Given data:
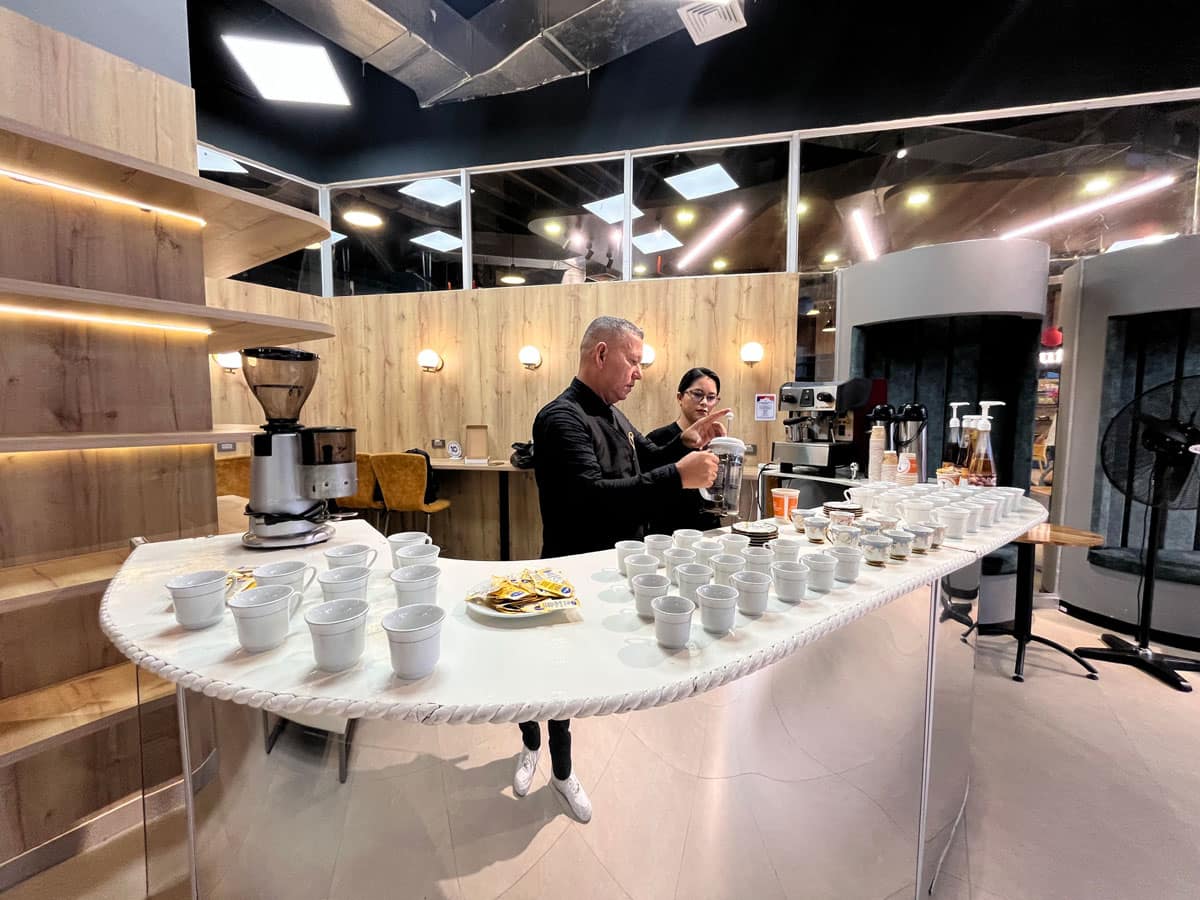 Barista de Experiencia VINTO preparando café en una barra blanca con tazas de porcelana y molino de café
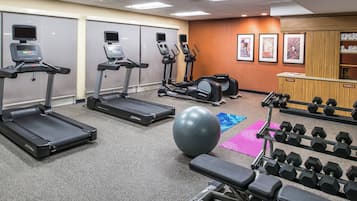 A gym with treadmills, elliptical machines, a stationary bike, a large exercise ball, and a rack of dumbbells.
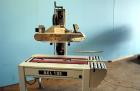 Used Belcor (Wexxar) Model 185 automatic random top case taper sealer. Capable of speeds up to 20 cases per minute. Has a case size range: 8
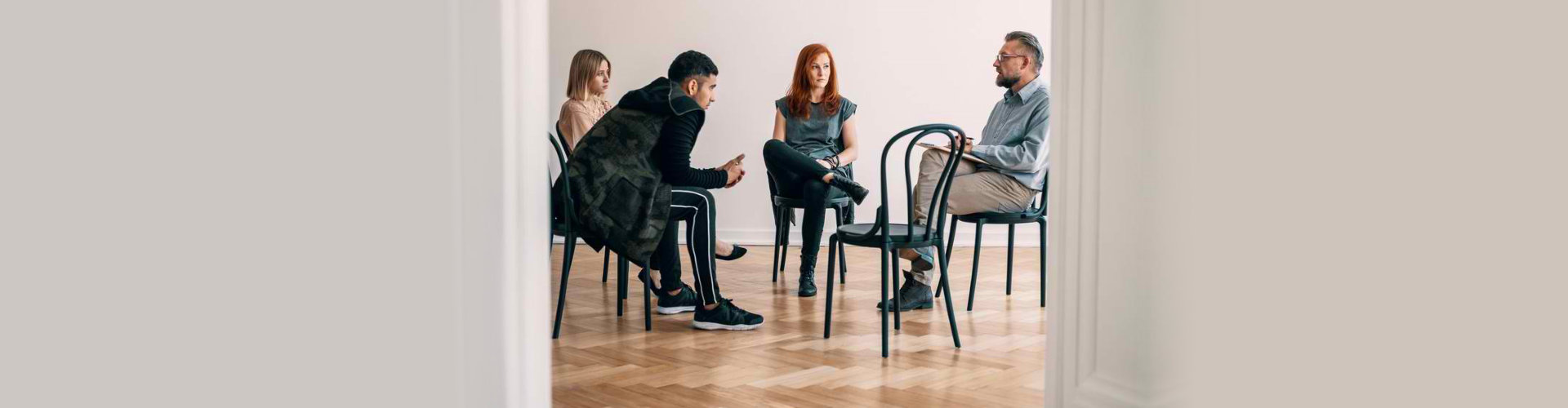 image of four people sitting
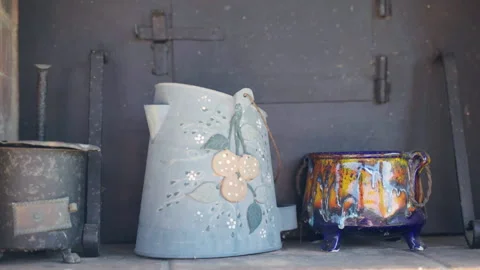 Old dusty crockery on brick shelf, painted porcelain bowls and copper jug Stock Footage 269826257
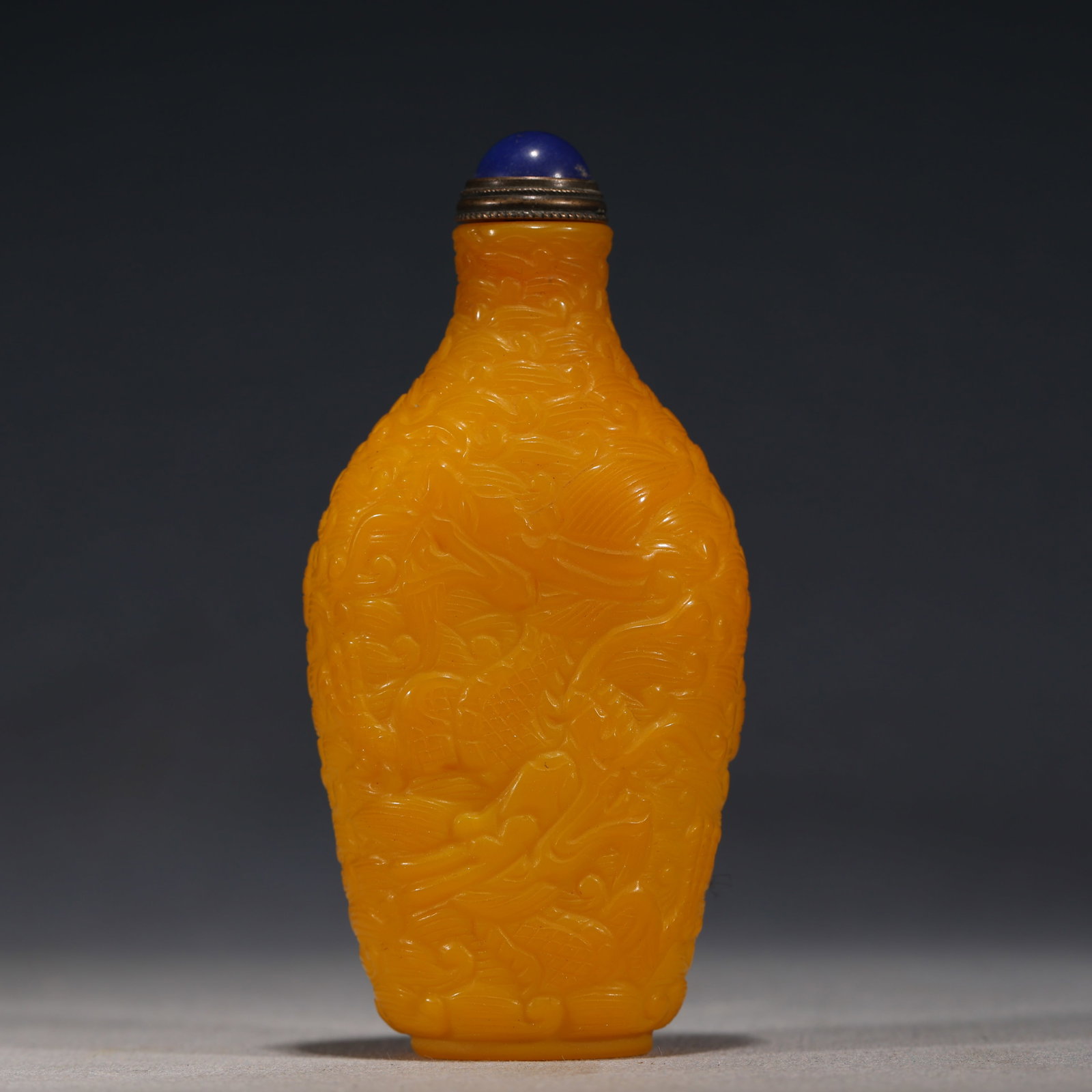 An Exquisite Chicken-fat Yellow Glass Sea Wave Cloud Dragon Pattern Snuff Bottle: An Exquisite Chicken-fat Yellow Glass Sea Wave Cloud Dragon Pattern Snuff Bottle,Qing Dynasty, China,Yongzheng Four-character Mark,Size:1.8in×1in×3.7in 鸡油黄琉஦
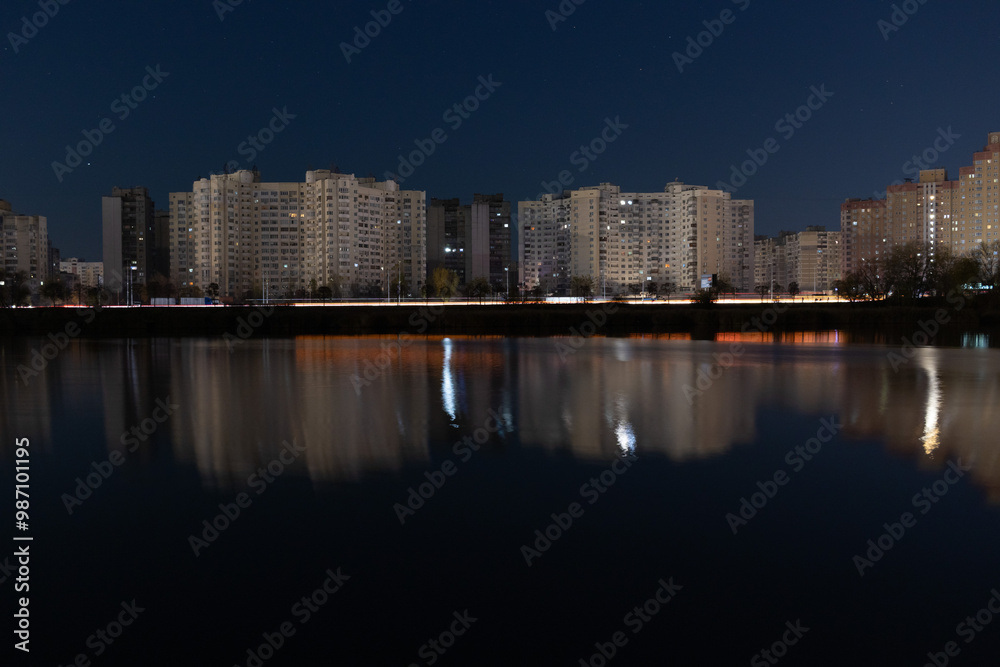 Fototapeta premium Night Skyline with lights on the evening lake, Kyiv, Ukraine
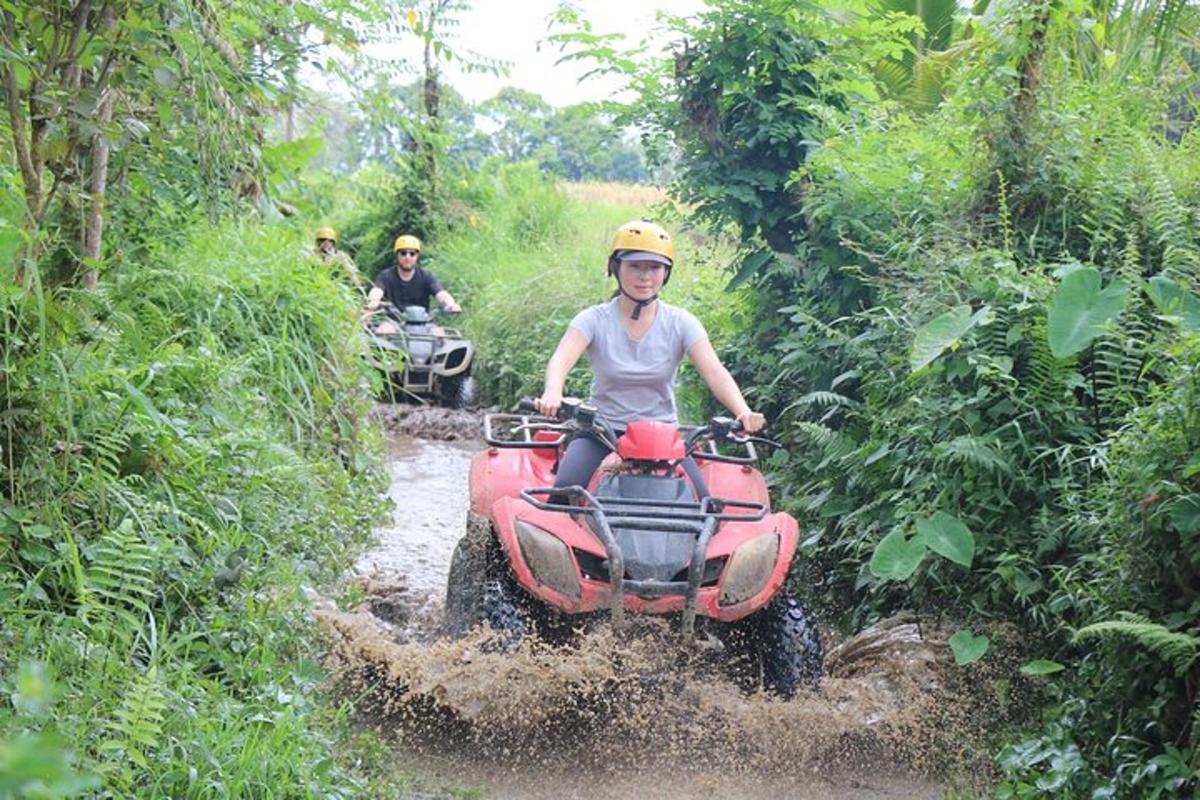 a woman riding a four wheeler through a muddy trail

What you should do: Each entry above should be copied word for word, with the images omitted.

Task response:
 Barista de Experiencia VINTO preparando café en una barra blanca con tazas de porcelana y molino de café
 A gym with treadmills, elliptical machines, a stationary bike, a large exercise ball, and a rack of dumbbells.
 Used Belcor (Wexxar) Model 185 automatic random top case taper sealer. Capable of speeds up to 20 cases per minute. Has a case size range: 8
 image of four people sitting
 Old dusty crockery on brick shelf, painted porcelain bowls and copper jug Stock Footage 269826257
 An Exquisite Chicken-fat Yellow Glass Sea Wave Cloud Dragon Pattern Snuff Bottle: An Exquisite Chicken-fat Yellow Glass Sea Wave Cloud Dragon Pattern Snuff Bottle,Qing Dynasty, China,Yongzheng Four-character Mark,Size:1.8in×1in×3.7in 鸡油黄琉஦
 Fototapeta premium Night Skyline with lights on the evening lake, Kyiv, Ukraine
 a woman riding a four wheeler through a muddy trail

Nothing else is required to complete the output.